* [Information supplied]

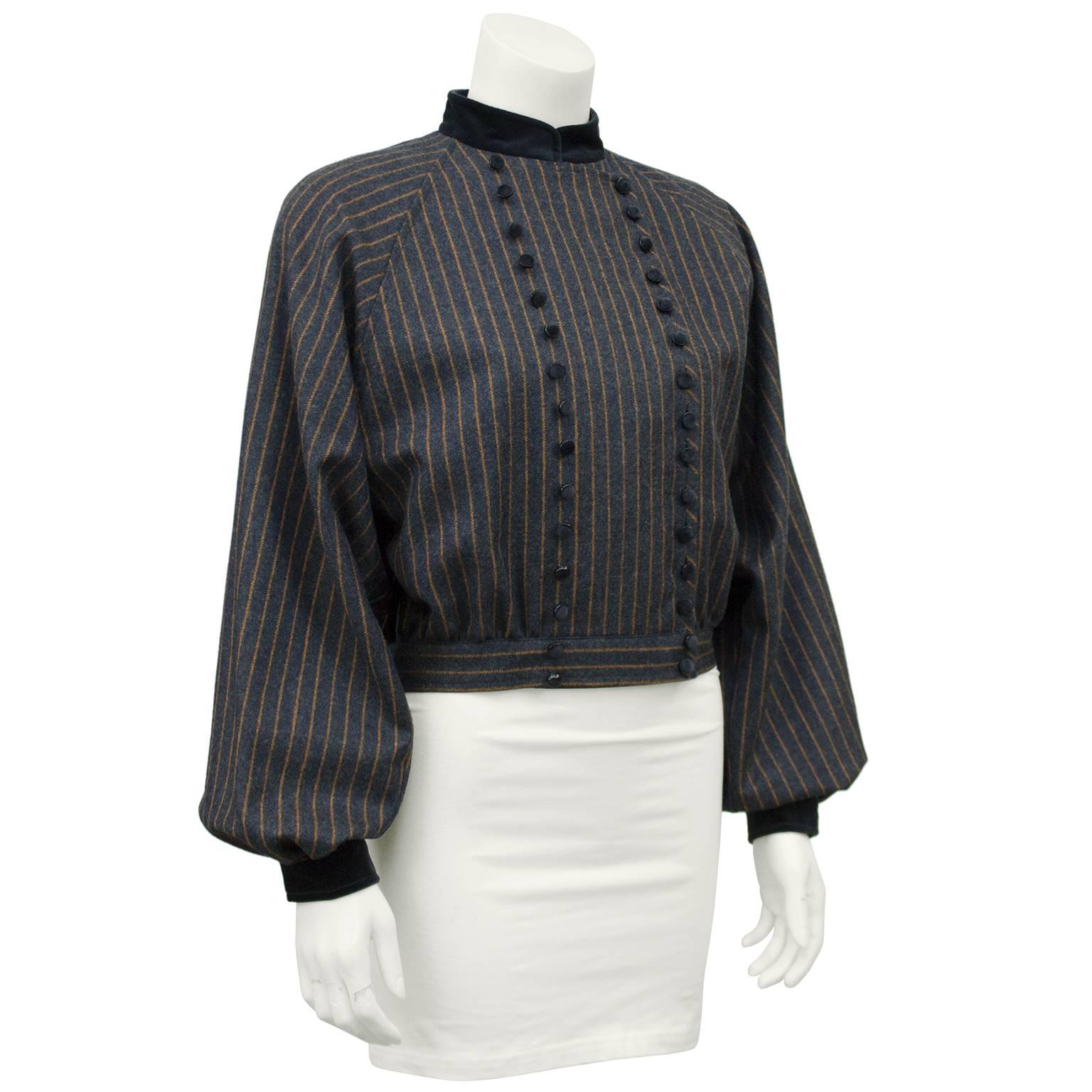 Valentino 1980s cropped wool military style jacket with velvet trim. The jacket has batwing style sleeves and is very full through the body with a fitted waistband. The wool fabric has an orange pinstripe throughout and fastens up the front with 15
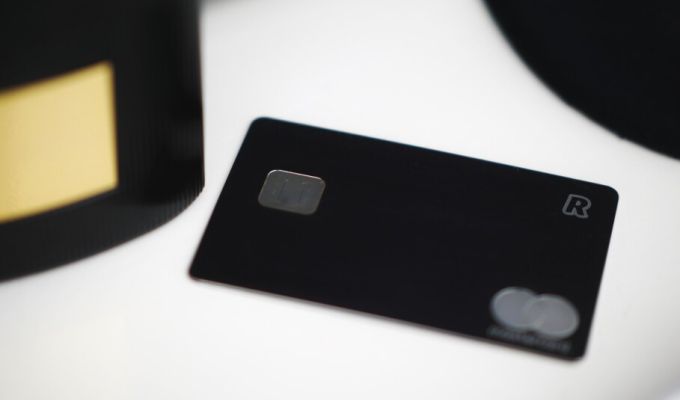 Czarna, minimalistyczna karta płatnicza z widocznym chipem i logo Mastercard leżąca na jasnym tle.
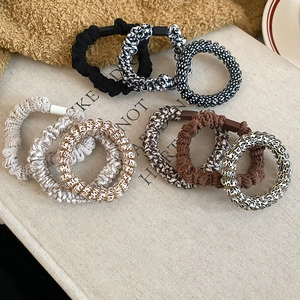 Detailed set of 8 woven elastic hair ties with floral, polka dot, and leopard patterns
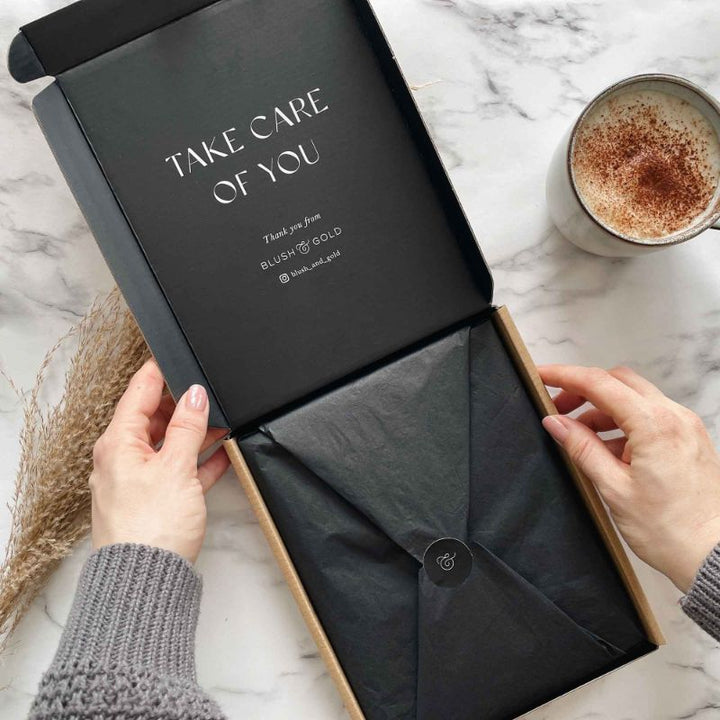My Daily Self-Care Journal comes wrapped in its own gift box. Inside cover reads "Take Care of You".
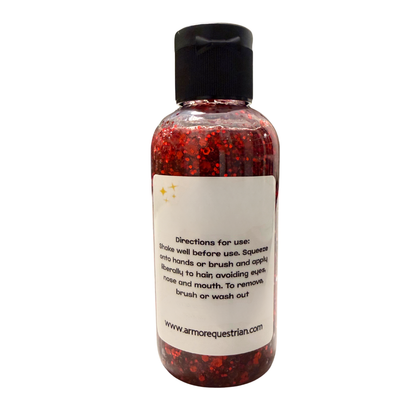 Bottle of red glittery product with a black cap on a white background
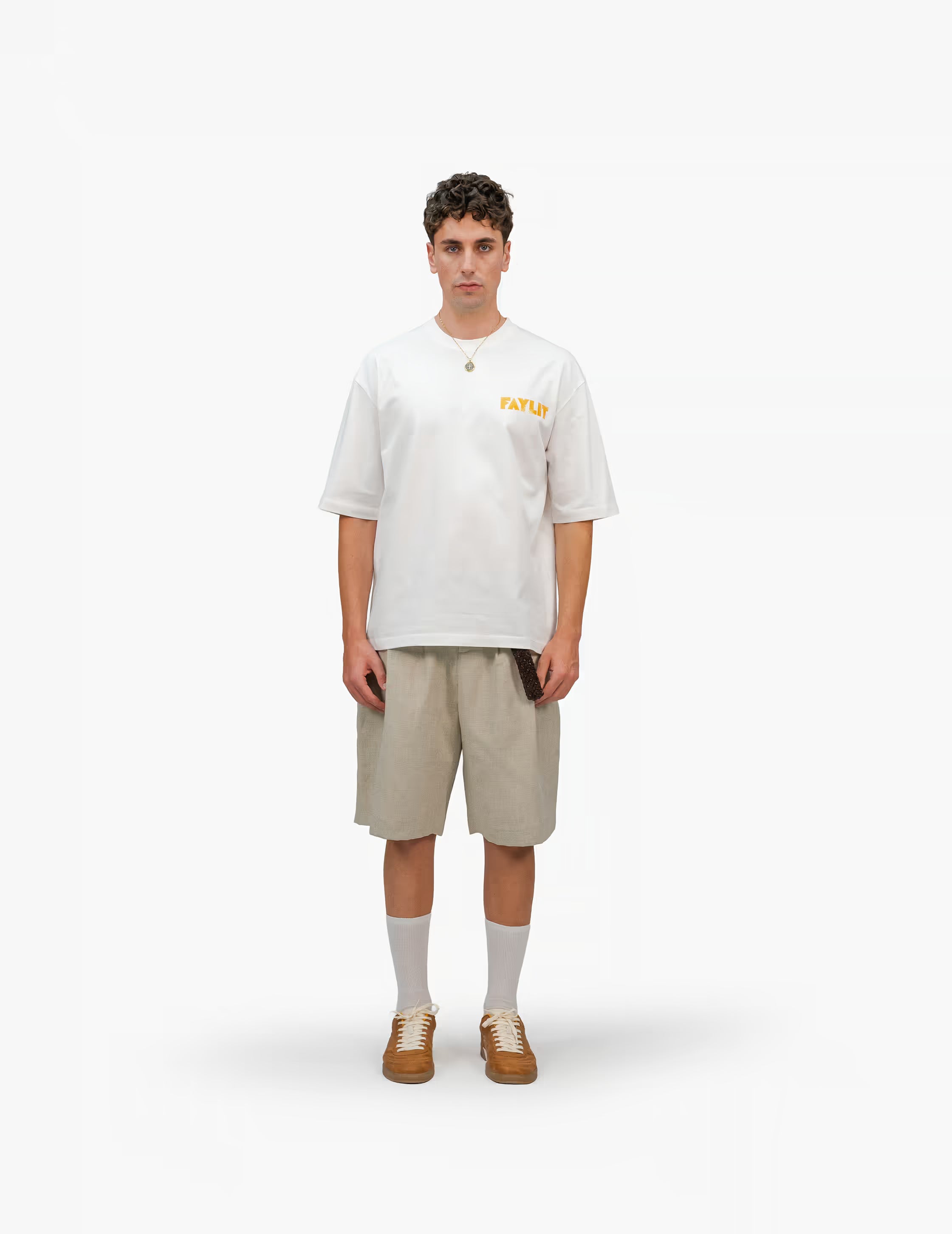 Erkek modelin üzerindeki FAYLIT oversize beyaz t-shirt, göğüste turuncu FAYLIT logosu, şort ve spor ayakkabı ile kombinlenmiş, rahat ve şık günlük giyim.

* [What you should do]
Give the data above again, exactly and completely. No pictures go in.

* [Task response]
 Valentino 1980s cropped wool military style jacket with velvet trim. The jacket has batwing style sleeves and is very full through the body with a fitted waistband. The wool fabric has an orange pinstripe throughout and fastens up the front with 15
 Czarna, minimalistyczna karta płatnicza z widocznym chipem i logo Mastercard leżąca na jasnym tle.
 Detailed set of 8 woven elastic hair ties with floral, polka dot, and leopard patterns
My Daily Self-Care Journal comes wrapped in its own gift box. Inside cover reads "Take Care of You".
 Bottle of red glittery product with a black cap on a white background
 Erkek modelin üzerindeki FAYLIT oversize beyaz t-shirt, göğüste turuncu FAYLIT logosu, şort ve spor ayakkabı ile kombinlenmiş, rahat ve şık günlük giyim.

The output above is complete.